Leave every picture out, and write out the remaining entries exactly.
[Opening PROVIDED DATA section]
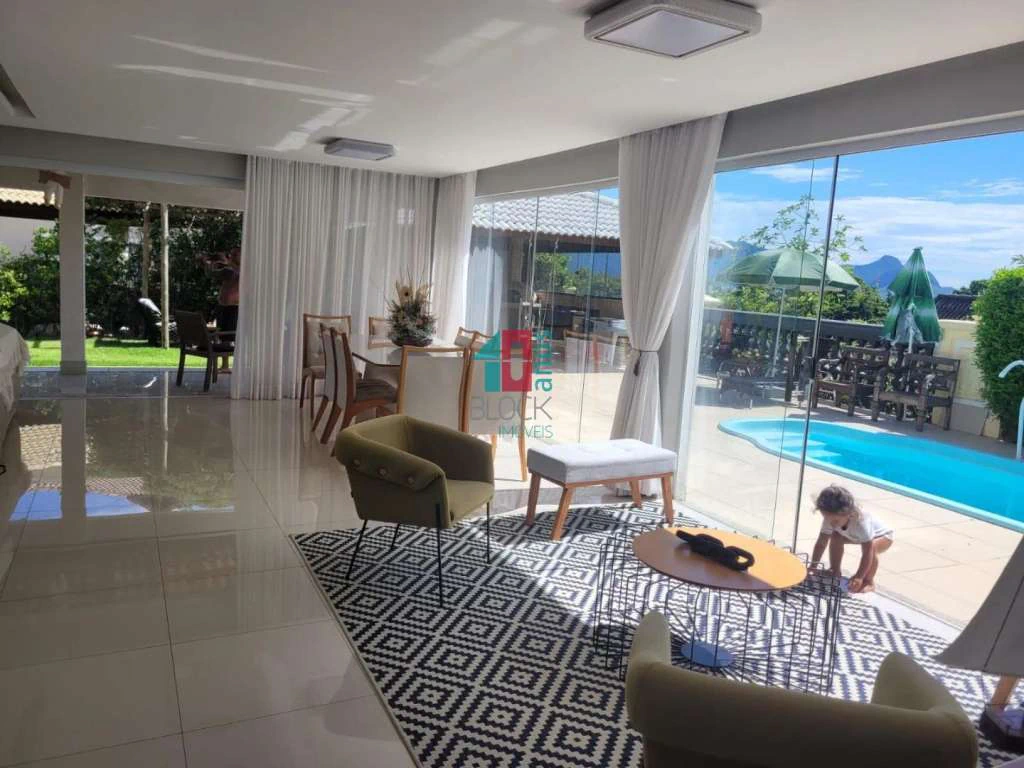 Furnished house with 5 bedrooms and 9 total bathrooms — photo 11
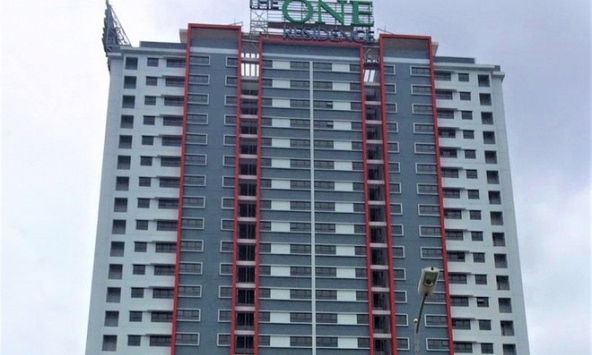 Hà Nội: Bé trai rơi từ tầng 6 chung cư xuống tầng 3 tử vong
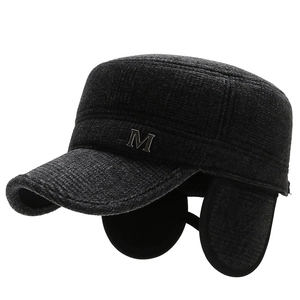 Cappello invernale grigio scuro per uomo con paraorecchie e logo M in metallo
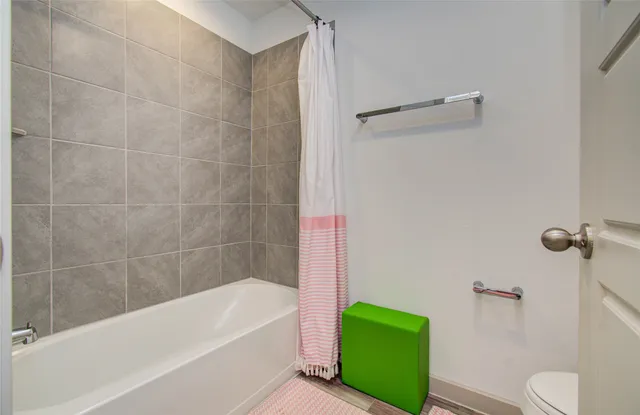 $2,895 | 12806 Rainham Lane, Houston, TX 77047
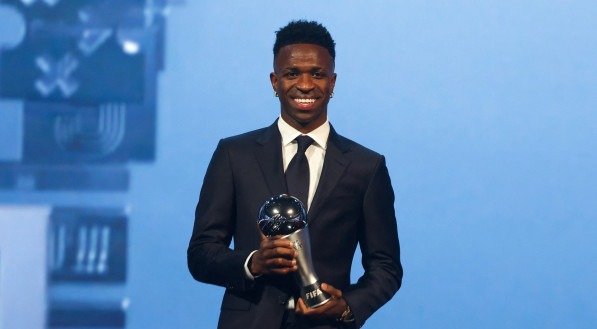 Vinícius Júnior com a premiação do The Best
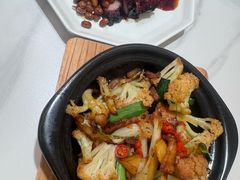 -姚姚酸菜鱼·金戈戈香港豉油鸡(喜荟城联名店)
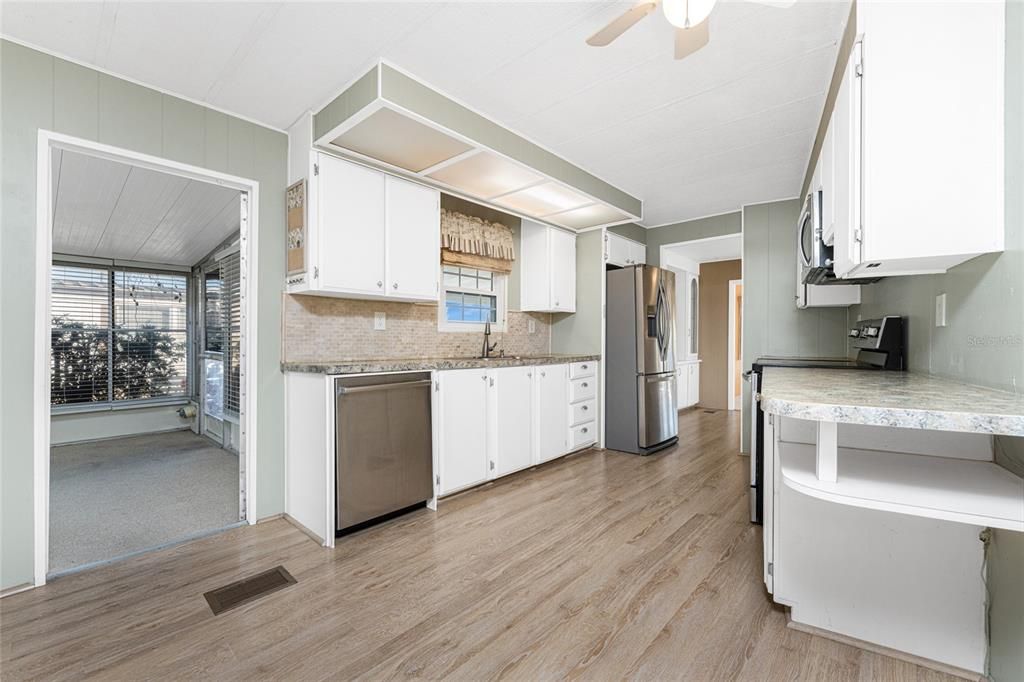 For Sale: $214,900 (2 beds, 2 baths, 1464 Square Feet)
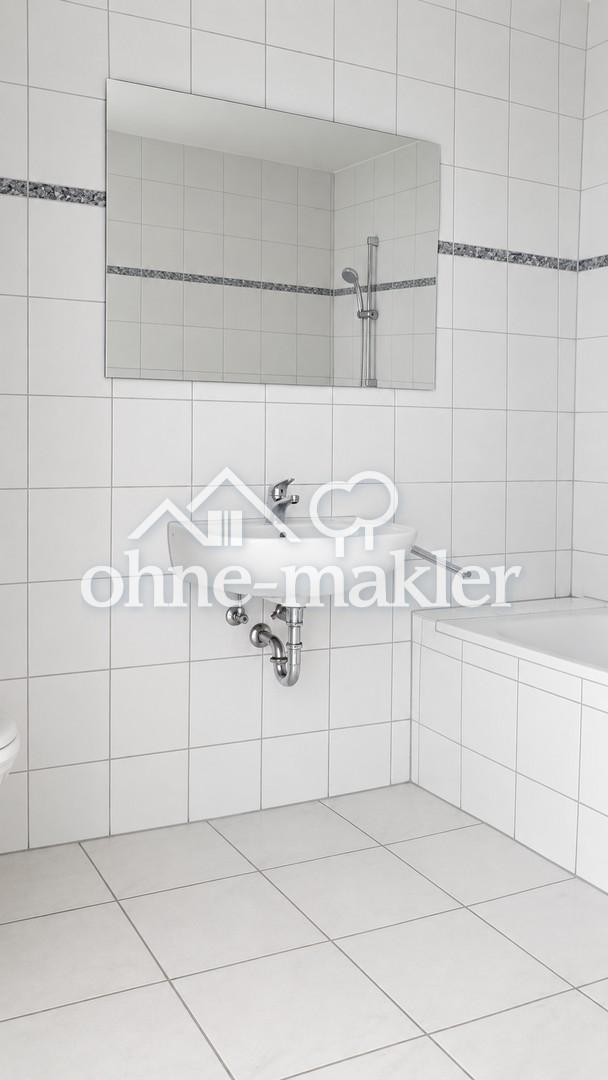 helle, sanierte 3-Raum Wohnung mit Einbauküche ab 01.10. oder 01.11 - Photo 5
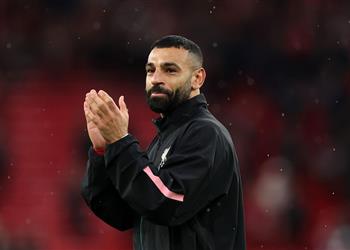 فيديو حساب الدوري الإنجليزي يحتفى بمشهد محمد صلاح وجماهير ليفربول أمام فولهام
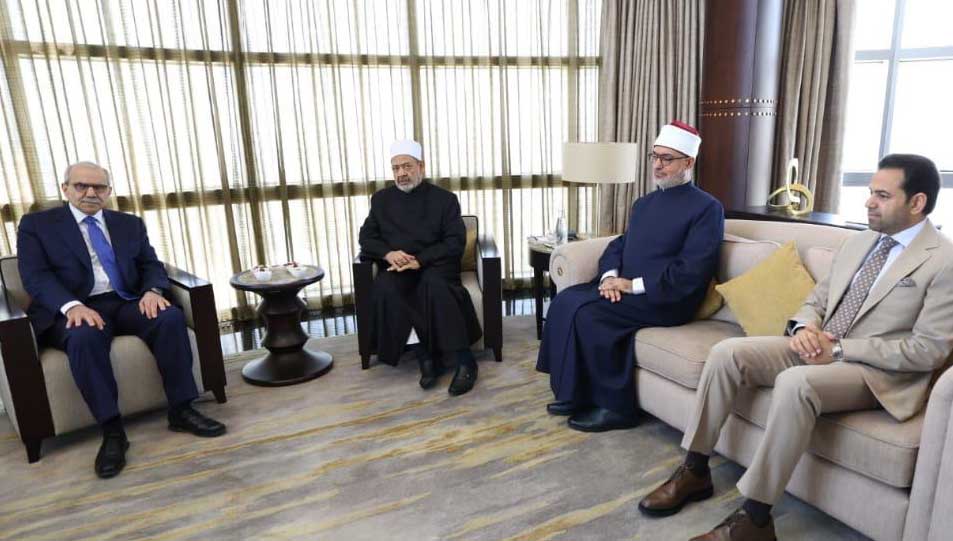 بحضور مفتي الجمهورية وأمين عام مجلس حكماء المسلمين.. شيخ الأزهر يستقبل رئيس الوزراء اللبناني على هامش قمة الإعلام العربي بدبي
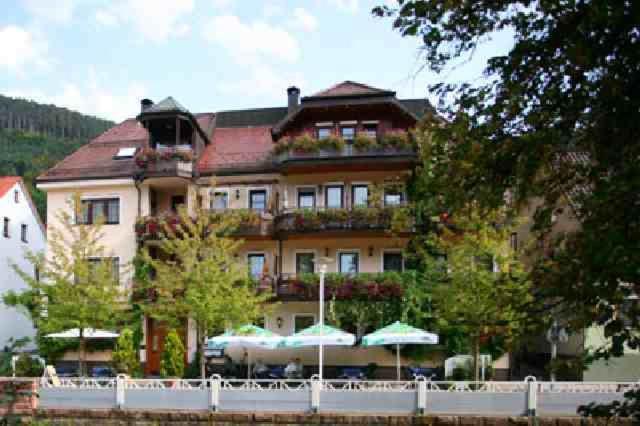 Hotel Restaurant Alte Linde باد ويلباد المظهر الخارجي الصورة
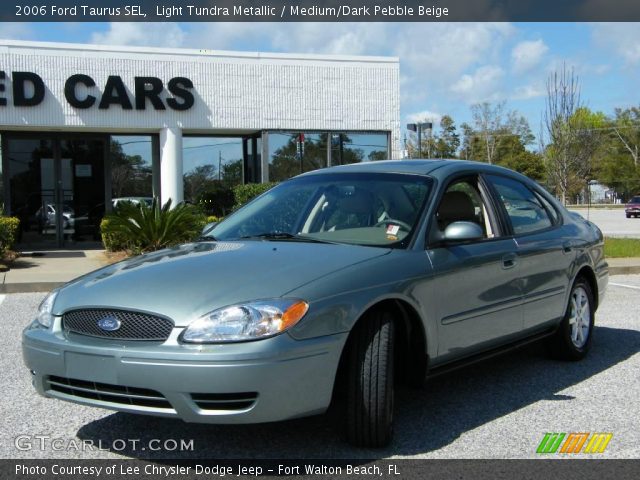 2006 Ford Taurus SEL in Light Tundra Metallic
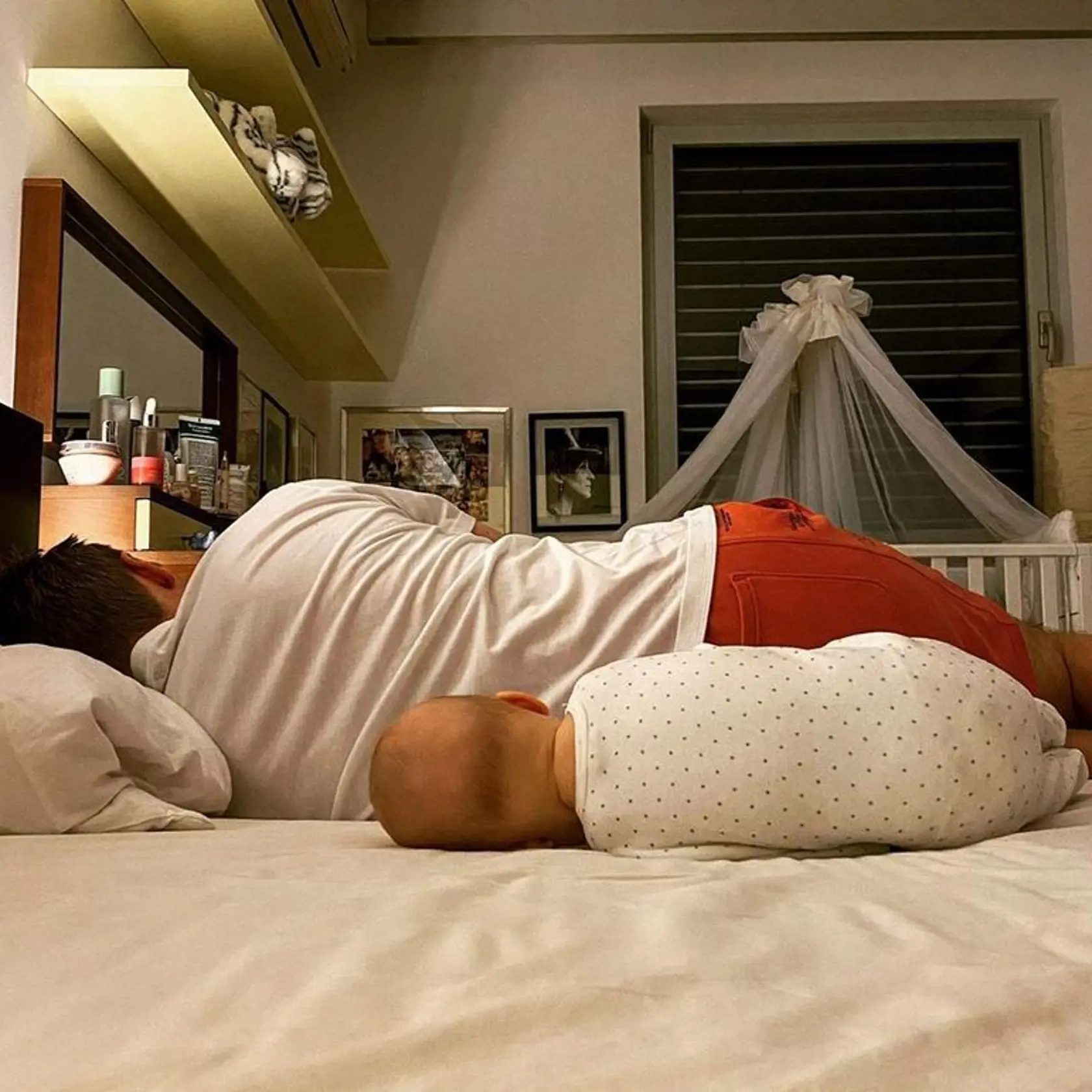 Sajfa s manželkou bývajú s dcérkou v priestrannom byte. Postupne doň pribúdajú detské prvky.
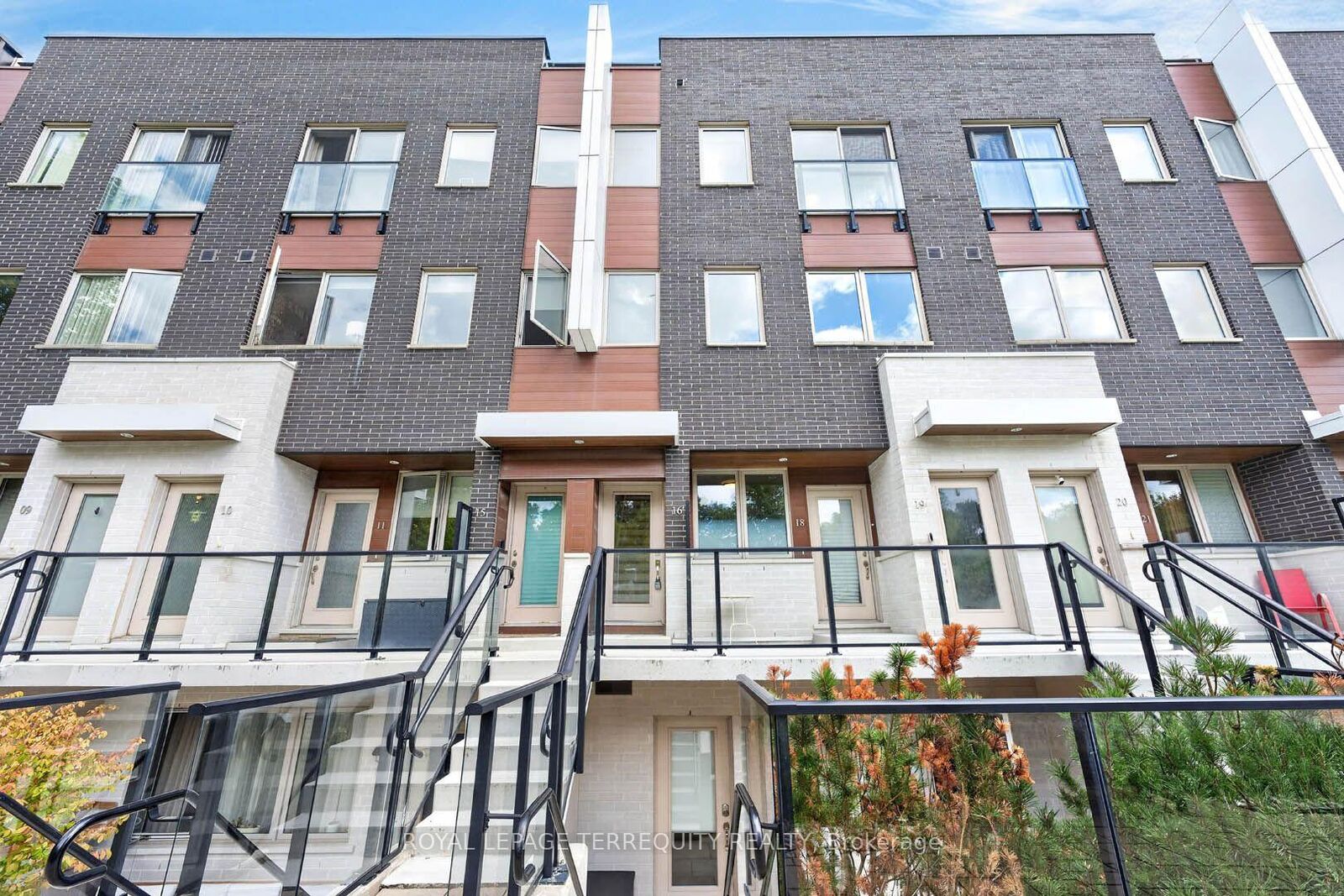 Property Photo:  780 Sheppard Avenue E 16  ON M2K 0E8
[Closing PROVIDED DATA section]
• _EXERCISE SOLUTION_
 Furnished house with 5 bedrooms and 9 total bathrooms — photo 11
 Hà Nội: Bé trai rơi từ tầng 6 chung cư xuống tầng 3 tử vong
 Cappello invernale grigio scuro per uomo con paraorecchie e logo M in metallo
 $2,895 | 12806 Rainham Lane, Houston, TX 77047
 Vinícius Júnior com a premiação do The Best
 -姚姚酸菜鱼·金戈戈香港豉油鸡(喜荟城联名店)
 For Sale: $214,900 (2 beds, 2 baths, 1464 Square Feet)
 helle, sanierte 3-Raum Wohnung mit Einbauküche ab 01.10. oder 01.11 - Photo 5
 فيديو حساب الدوري الإنجليزي يحتفى بمشهد محمد صلاح وجماهير ليفربول أمام فولهام
 بحضور مفتي الجمهورية وأمين عام مجلس حكماء المسلمين.. شيخ الأزهر يستقبل رئيس الوزراء اللبناني على هامش قمة الإعلام العربي بدبي
 Hotel Restaurant Alte Linde باد ويلباد المظهر الخارجي الصورة
 2006 Ford Taurus SEL in Light Tundra Metallic
 Sajfa s manželkou bývajú s dcérkou v priestrannom byte. Postupne doň pribúdajú detské prvky.
 Property Photo:  780 Sheppard Avenue E 16  ON M2K 0E8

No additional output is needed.